## TASK BRIEF:
Return every line from the records below with the string "show".

+++

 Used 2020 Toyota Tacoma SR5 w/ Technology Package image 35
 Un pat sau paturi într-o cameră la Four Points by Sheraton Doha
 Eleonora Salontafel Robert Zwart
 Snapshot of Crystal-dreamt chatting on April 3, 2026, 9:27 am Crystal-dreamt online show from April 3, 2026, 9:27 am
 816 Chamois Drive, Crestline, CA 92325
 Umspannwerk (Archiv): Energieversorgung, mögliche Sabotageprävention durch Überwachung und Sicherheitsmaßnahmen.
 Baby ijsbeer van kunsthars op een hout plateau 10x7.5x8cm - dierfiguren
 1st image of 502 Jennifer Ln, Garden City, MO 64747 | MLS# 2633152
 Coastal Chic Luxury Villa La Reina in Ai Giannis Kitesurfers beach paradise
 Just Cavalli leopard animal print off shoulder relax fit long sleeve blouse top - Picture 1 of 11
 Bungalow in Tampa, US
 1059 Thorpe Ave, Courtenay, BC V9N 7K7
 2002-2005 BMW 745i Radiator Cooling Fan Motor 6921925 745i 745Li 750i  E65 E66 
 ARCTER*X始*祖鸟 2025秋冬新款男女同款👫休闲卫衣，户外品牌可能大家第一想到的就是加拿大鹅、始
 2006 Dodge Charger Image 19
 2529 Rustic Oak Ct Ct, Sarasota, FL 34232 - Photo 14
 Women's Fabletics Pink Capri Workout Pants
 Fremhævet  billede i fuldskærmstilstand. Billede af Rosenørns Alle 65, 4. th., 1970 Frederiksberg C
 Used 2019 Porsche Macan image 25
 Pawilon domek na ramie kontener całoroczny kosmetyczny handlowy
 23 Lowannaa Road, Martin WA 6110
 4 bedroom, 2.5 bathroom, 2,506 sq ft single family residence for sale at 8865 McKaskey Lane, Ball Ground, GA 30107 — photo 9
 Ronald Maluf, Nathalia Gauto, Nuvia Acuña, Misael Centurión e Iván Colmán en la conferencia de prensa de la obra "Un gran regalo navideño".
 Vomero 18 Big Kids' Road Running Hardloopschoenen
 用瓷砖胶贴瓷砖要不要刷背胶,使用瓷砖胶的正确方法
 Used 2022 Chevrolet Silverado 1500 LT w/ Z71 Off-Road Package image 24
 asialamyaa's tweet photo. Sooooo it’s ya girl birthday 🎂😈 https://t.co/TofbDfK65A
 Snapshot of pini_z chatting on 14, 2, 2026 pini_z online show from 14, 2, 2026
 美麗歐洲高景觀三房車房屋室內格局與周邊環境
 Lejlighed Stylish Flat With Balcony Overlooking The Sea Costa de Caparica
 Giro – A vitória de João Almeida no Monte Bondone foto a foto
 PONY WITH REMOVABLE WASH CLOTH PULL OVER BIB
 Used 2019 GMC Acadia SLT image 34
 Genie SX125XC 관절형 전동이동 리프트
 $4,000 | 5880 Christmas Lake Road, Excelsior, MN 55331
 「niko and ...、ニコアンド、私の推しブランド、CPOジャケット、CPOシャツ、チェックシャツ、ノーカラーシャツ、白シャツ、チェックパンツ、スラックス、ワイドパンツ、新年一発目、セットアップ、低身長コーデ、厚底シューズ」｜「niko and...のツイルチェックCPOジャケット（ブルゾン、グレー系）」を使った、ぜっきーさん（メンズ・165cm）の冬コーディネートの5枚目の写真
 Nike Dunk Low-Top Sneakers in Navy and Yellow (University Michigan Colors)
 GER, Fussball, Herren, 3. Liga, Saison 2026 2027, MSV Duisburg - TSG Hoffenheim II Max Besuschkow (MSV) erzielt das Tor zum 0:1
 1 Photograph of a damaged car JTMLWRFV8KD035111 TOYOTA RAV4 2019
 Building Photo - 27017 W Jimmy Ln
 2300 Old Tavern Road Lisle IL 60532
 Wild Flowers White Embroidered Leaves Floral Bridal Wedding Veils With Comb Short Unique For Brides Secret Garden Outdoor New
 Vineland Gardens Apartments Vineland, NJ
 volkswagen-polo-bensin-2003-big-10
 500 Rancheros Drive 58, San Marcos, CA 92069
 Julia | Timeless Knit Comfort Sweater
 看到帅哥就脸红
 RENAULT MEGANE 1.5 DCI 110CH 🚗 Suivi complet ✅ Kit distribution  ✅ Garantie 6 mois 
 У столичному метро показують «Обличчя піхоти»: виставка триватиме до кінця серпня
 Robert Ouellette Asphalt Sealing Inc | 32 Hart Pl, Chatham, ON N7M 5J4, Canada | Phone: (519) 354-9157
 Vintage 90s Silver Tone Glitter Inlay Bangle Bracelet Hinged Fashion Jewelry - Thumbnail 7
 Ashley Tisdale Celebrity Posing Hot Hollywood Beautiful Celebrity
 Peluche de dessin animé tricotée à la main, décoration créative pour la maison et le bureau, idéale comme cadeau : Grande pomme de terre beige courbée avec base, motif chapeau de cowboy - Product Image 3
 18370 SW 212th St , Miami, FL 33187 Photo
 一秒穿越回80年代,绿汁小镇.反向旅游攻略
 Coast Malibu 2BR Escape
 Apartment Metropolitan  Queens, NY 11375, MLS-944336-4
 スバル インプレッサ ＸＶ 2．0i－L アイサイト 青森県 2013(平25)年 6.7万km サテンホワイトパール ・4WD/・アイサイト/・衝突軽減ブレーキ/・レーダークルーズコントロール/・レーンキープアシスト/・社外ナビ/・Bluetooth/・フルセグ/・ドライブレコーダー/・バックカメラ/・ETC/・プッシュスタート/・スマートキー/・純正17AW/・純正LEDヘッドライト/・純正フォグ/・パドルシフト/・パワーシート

+++

## EXPECTED ANSWER:
 Snapshot of Crystal-dreamt chatting on April 3, 2026, 9:27 am Crystal-dreamt online show from April 3, 2026, 9:27 am
 Snapshot of pini_z chatting on 14, 2, 2026 pini_z online show from 14, 2, 2026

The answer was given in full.